_EXTRACTED INFORMATION_.
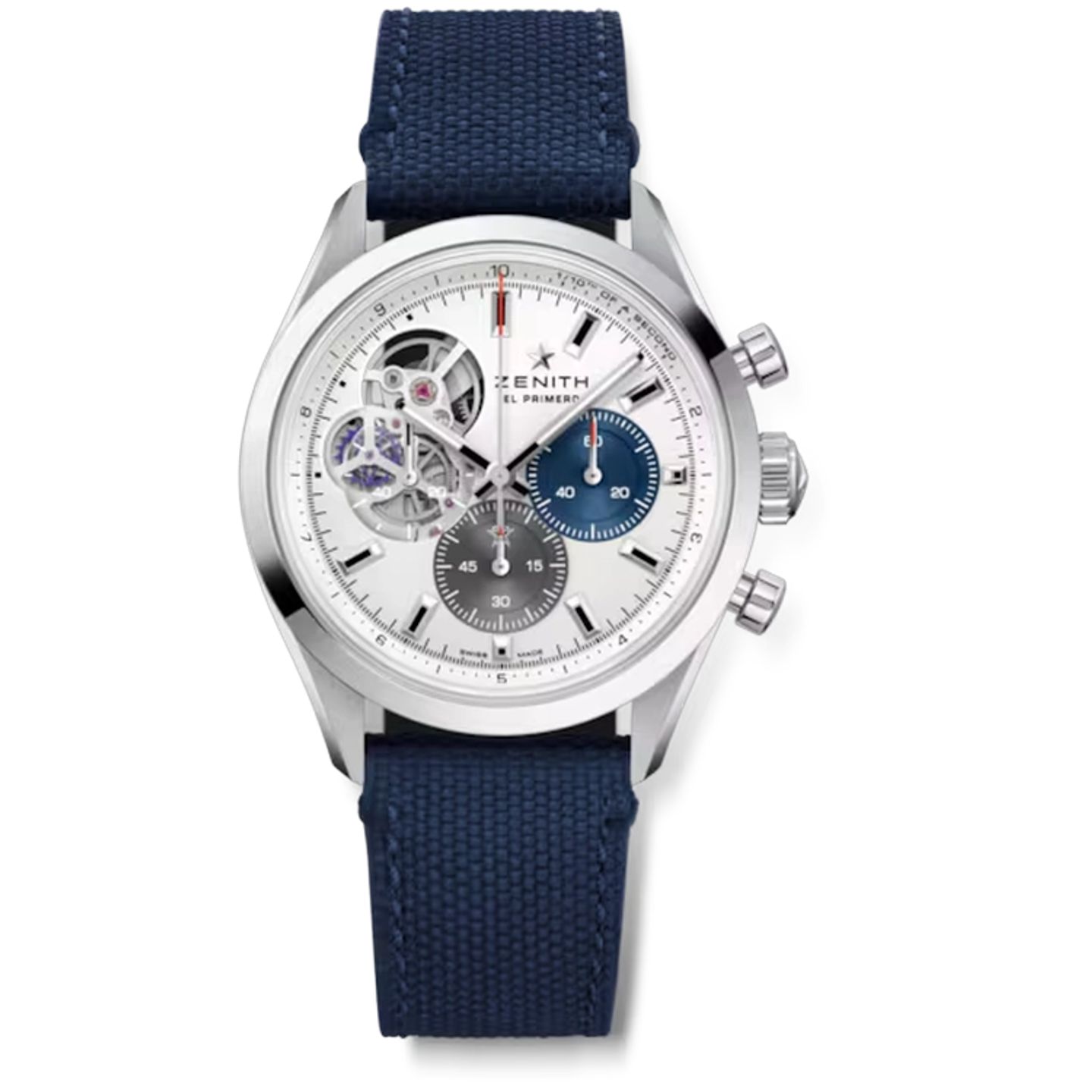 Zenith El Primero Chronomaster 03.3300.3604/69.C823 - (1/1)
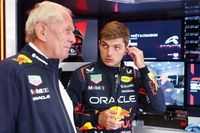 Meglepő nyilatkozatot adott Helmut Marko a Red Bull 2026-os esélyeiről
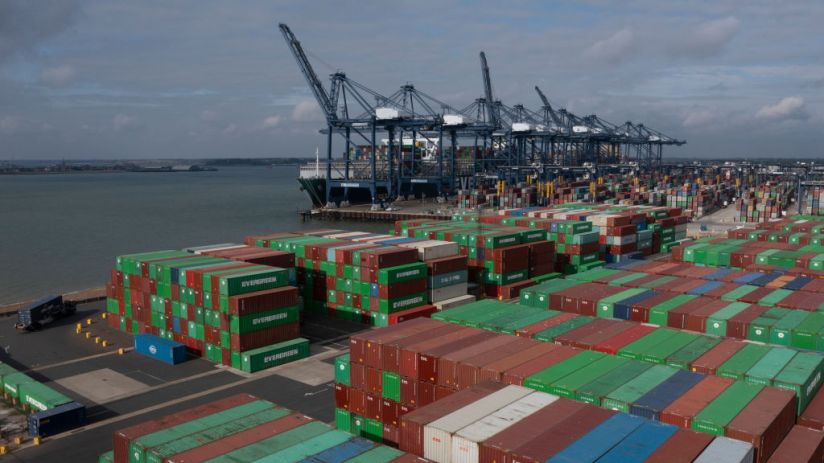 A fresh wave of strikes is set to hit the port of Felixstowe later this month, with workers walking out from 27 September to 5 October.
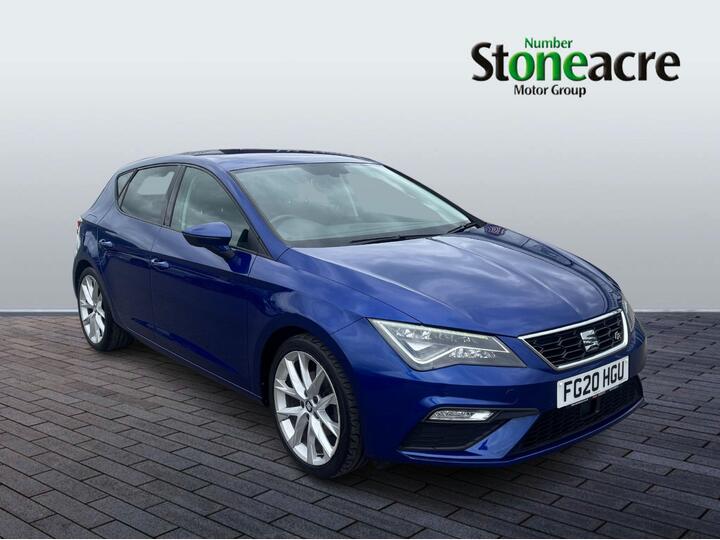 SEAT Leon 1.5 TSI EVO FR Euro 6 (s/s) 5dr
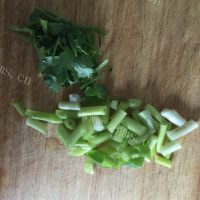 美味的炮仗子汤饭做法图解5)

_DIRECTIONS_. Your answer must be a verbatim copy of the entries above, with no images included.

_RESULT_.
 Zenith El Primero Chronomaster 03.3300.3604/69.C823 - (1/1)
 Meglepő nyilatkozatot adott Helmut Marko a Red Bull 2026-os esélyeiről
 A fresh wave of strikes is set to hit the port of Felixstowe later this month, with workers walking out from 27 September to 5 October.
 SEAT Leon 1.5 TSI EVO FR Euro 6 (s/s) 5dr
 美味的炮仗子汤饭做法图解5)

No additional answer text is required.